◆ WORK TO BE COMPLETED ◆
Reproduce the data that follows character for character, but omit its pictures.

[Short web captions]
== Segment start ==

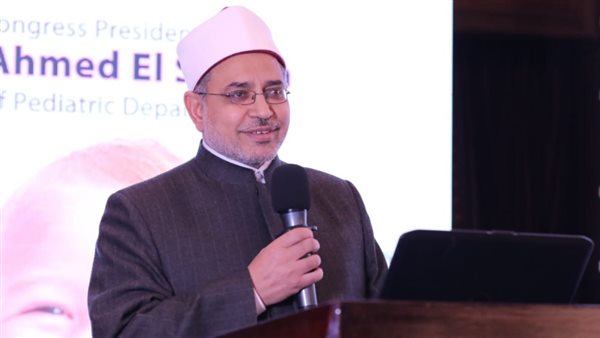 الدكتور سلامة داود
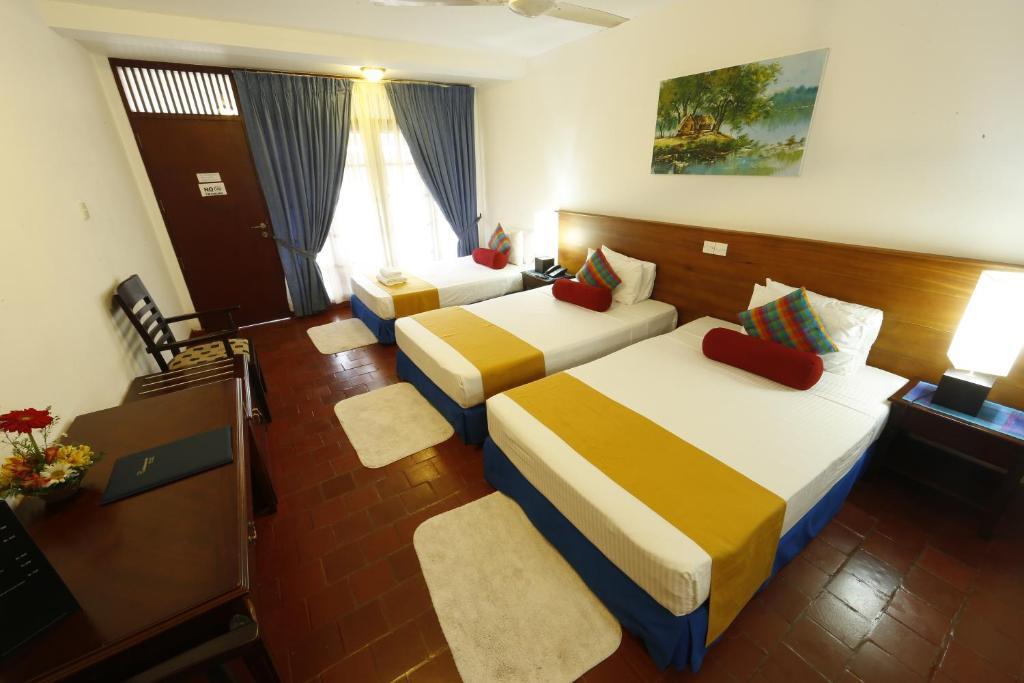 Catamaran Beach Hotel — фото 5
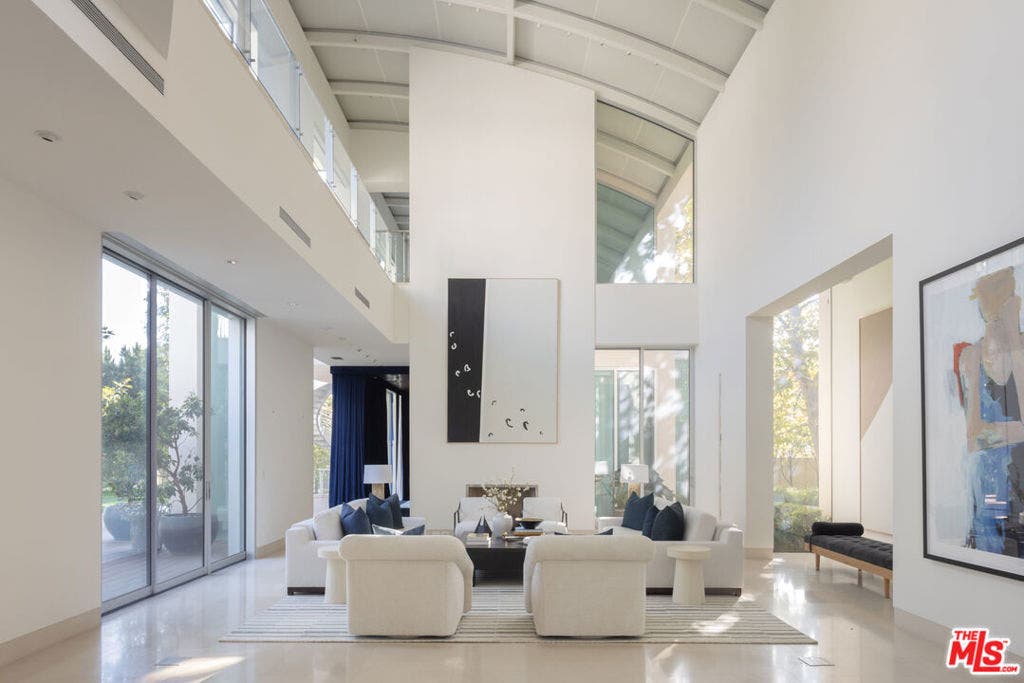 652 Chautauqua Boulevard, Pacific Palisades, CA 90272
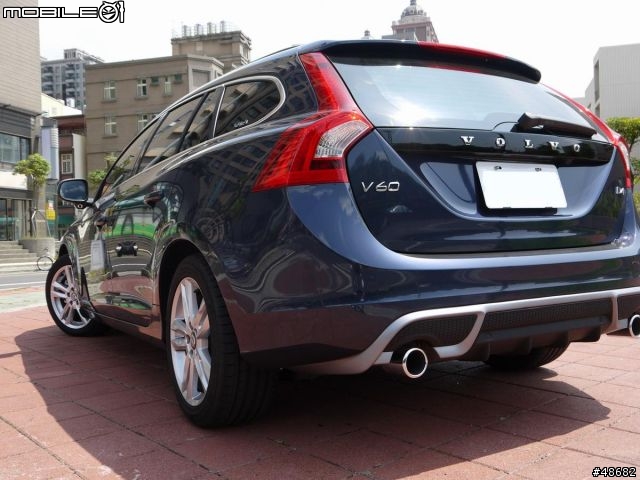V60 D4 + R-Design 開箱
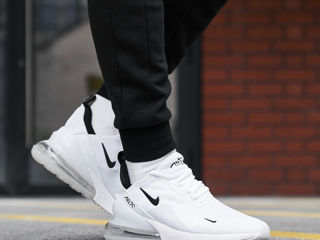 Nike Air Max 270 White/Black Unisex foto 9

== Segment end ==

◆ RESULT BELOW ◆
 الدكتور سلامة داود
 Catamaran Beach Hotel — фото 5
 652 Chautauqua Boulevard, Pacific Palisades, CA 90272
V60 D4 + R-Design 開箱
 Nike Air Max 270 White/Black Unisex foto 9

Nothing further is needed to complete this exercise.